Why? In 2009, an informal level of questioning, second-guessing and hypothesizing among board and staff members regarding the fund’s longstanding, heavily-consultant-driven asset manager hiring process coalesced into formal action to change that process in the pursuit of more efficient investment decision making and a reduction in service provider fees. A decade later, the fund generated a 14.95% return for the year ending December 31, 2017, against a 13.64% internal benchmark, and spent some $1.2 – $1.5 million on staffing costs versus the estimated $4 – $5 million it would have paid in service providers fees last year, absent its governance changes, according to senior officials at the fund
“Overall, the board identified with the improved risk/return profile with increasing exposure to alternatives (private markets and hedge funds). The board also recognized that manager approval at the board level and ultimately at the Board Investment Committee level was no longer appropriate given the time and expertise needed to evaluate these investments. While FPPA historically utilized consultants and fund-of-funds for these strategies, additional fees and lack of customization led FPPA to an internal oversight model,” Dan Slack, executive director, explained.

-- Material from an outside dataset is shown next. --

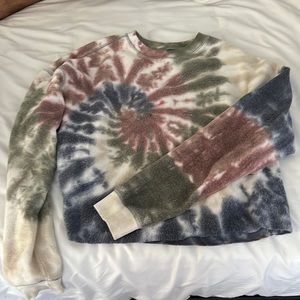 Wild Fable Cropped Tye Dye Crew Neck Sweatshirt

“Ten years ago, the board first wanted to move in a different direction from the investment-consultant-driven manager hiring process we had then—we’ve gone from basically a process where there wasn’t really an investment staff to now where we have staff do manager research and make manager choices themselves without involvement from the board,” Slack said. FPPA’s efforts in this area culminated in January 2017 when hire/fire decisions concerning investment managers were delegated to the investment staff by the fund’s nine-member board.
It’s been very successful; it’s been driven by our fund’s desire to increase investment diversification,” Simon said. He added that “considering complexity that came along with that the fund could have outsourced. But we quickly saw the lack of flexibility and synergy that that approach created. So really having an internal staff gave us more flexibility in our portfolio to create just what we wanted–and you also get that fee savings!”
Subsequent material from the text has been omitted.